By 1904, however, Brazil began to seriously consider upgrading its navy to compete with Argentina and Chile. Soaring demand for coffee and rubber brought the Brazilian economy an influx of revenue, which paid for a US$31.25 million (Note: Argentina uses "$" to represent their peso and "US$" or similar for the U.S. dollar; however, "$" generally means "dollar" in English sources and in this article.) naval repair scheme, a substantial amount for the time period. The bill authorized 28 ships, including three battleships and three armored cruisers. It was not possible to lay down the battleships until 1906, the same year the trend-setting was constructed. This ship prompted the Brazilians to cancel their battleship plans in favor of two dreadnoughts. The ordering of these powerful ships—designed to carry the heaviest armament in the world at the time—shocked Argentina and Chile. Historian Robert Scheina comments that the dreadnoughts alone "outclassed the entire [elderly] Argentinian fleet."

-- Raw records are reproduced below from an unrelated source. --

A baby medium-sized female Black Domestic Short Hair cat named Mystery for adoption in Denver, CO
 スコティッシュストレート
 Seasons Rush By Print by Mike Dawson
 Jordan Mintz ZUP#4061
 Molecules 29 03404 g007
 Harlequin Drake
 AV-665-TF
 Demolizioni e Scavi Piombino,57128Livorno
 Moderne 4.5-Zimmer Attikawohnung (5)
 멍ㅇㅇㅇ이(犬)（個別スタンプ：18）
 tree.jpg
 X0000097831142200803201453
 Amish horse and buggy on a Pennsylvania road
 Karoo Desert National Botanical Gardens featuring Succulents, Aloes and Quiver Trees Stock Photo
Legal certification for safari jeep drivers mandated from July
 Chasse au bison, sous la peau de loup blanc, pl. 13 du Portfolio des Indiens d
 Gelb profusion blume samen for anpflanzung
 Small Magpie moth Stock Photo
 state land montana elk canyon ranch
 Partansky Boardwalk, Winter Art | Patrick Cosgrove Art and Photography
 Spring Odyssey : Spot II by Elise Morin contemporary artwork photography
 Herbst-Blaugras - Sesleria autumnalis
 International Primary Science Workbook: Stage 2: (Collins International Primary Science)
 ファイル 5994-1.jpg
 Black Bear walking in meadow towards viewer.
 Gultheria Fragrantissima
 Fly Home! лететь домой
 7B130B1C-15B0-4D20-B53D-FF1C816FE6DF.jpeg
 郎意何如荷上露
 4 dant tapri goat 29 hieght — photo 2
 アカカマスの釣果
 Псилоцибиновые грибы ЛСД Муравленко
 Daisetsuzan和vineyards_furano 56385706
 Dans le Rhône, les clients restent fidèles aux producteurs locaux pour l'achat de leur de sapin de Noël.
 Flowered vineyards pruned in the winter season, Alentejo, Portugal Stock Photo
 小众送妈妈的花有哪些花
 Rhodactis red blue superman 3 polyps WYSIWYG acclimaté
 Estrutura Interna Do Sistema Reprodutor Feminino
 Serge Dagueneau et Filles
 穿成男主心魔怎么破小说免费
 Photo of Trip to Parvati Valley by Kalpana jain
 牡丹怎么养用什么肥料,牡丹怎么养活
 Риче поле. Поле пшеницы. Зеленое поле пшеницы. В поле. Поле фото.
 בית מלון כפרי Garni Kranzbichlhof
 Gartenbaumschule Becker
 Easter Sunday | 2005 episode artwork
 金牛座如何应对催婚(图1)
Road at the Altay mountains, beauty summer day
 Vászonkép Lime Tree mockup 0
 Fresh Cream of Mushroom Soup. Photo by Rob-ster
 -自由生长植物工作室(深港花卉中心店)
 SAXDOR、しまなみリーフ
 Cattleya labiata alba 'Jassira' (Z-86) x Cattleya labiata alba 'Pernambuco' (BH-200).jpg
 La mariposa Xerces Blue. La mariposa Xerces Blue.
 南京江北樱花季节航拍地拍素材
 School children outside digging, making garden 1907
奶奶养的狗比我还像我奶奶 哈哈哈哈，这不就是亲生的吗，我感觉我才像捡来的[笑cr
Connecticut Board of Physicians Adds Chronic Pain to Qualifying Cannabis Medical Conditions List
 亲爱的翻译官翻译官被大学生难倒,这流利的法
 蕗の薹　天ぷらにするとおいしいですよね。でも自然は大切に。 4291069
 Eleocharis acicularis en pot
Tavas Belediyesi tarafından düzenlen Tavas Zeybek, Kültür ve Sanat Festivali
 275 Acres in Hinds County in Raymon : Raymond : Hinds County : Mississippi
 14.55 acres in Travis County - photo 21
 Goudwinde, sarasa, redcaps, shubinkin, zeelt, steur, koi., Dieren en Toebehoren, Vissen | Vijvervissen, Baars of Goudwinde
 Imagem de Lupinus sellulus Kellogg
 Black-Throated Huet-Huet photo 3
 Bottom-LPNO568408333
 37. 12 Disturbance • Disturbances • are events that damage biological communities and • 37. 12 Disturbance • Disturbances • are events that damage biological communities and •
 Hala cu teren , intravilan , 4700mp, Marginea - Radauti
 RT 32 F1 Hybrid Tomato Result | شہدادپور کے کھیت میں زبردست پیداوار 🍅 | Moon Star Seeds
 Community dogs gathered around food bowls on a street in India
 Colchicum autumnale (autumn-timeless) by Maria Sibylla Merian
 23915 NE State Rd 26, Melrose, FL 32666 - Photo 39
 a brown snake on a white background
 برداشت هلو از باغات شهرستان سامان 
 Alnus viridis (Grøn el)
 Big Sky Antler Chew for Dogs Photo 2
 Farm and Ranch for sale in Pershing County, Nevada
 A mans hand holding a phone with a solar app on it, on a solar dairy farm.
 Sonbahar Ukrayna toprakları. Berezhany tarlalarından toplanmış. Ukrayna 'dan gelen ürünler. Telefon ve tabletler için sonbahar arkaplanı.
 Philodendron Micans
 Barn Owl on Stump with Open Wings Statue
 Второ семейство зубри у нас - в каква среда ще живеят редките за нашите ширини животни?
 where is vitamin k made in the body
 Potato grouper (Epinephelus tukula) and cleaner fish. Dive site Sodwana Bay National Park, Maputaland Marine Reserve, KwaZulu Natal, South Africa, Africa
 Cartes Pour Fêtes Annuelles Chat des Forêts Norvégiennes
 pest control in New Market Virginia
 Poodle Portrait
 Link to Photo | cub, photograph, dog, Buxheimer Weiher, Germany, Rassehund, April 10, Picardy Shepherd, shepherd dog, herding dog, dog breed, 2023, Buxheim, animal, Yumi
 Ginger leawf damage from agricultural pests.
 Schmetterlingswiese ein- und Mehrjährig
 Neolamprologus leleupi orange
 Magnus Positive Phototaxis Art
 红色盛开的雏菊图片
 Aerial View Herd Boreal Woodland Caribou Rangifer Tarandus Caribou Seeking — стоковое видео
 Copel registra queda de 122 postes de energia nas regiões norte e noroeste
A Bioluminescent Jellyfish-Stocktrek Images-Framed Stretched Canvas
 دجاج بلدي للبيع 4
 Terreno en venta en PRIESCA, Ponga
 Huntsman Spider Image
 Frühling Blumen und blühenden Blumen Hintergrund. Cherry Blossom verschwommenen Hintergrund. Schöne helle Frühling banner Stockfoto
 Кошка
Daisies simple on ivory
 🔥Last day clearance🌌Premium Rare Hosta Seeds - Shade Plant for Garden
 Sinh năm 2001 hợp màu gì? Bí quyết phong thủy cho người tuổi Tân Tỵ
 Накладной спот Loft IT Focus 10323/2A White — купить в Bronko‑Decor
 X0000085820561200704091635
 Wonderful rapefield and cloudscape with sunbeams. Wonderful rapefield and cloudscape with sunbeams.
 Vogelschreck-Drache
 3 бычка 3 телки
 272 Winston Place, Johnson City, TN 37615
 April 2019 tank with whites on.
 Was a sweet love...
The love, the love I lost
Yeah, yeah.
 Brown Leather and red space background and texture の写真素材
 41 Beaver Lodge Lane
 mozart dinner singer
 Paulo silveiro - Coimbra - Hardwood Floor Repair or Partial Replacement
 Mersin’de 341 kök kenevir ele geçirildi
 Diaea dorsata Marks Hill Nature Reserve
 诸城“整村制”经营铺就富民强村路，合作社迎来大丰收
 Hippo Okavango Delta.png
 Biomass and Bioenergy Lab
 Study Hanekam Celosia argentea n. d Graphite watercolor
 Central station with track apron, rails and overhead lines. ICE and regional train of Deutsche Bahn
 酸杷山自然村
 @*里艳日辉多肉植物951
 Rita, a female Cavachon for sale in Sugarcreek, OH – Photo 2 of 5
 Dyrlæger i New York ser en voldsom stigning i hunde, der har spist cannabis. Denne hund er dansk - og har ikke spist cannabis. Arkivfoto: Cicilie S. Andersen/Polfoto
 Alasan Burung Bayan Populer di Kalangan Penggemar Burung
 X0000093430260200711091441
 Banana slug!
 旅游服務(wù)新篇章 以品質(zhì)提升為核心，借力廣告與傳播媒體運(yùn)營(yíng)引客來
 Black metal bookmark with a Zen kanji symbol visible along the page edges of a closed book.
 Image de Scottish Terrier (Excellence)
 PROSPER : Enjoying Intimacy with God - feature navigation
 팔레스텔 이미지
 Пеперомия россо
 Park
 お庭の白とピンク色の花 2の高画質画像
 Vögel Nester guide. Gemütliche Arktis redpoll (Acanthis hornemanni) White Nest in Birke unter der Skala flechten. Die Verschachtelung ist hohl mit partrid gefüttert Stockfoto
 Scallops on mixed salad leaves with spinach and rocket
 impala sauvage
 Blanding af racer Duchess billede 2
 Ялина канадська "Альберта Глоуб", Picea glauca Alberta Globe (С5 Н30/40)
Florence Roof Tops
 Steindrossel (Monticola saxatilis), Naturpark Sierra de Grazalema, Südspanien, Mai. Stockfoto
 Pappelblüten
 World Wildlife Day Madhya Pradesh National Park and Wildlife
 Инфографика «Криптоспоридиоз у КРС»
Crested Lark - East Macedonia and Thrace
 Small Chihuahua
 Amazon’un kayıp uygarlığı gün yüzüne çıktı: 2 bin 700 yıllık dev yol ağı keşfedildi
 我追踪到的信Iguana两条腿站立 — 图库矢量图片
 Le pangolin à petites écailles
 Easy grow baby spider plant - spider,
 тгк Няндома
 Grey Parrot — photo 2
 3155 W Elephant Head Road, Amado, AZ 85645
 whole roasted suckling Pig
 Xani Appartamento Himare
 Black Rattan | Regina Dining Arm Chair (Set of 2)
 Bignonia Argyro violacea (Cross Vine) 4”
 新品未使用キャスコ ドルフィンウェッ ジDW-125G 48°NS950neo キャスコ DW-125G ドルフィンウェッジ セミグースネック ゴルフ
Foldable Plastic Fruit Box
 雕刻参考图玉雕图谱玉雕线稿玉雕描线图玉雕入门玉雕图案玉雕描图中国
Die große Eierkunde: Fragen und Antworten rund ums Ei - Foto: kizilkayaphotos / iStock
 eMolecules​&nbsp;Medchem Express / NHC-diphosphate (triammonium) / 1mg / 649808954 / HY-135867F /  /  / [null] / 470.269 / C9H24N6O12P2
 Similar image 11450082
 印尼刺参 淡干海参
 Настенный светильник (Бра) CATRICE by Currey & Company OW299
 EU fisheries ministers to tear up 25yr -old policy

Debates raged in Argentina over the wisdom of acquiring dreadnoughts to counter Brazil's. The National Autonomist Party cabinet was in favor, despite a probable cost of nearly $10 million, but a specific plan for two 14000 LT battleships and ten destroyers was not popular with the public. Alarmed, the American ambassador to Brazil sent a cablegram to his Department of State, warning them of the destabilizing effects that would occur if the situation devolved into a full naval arms race.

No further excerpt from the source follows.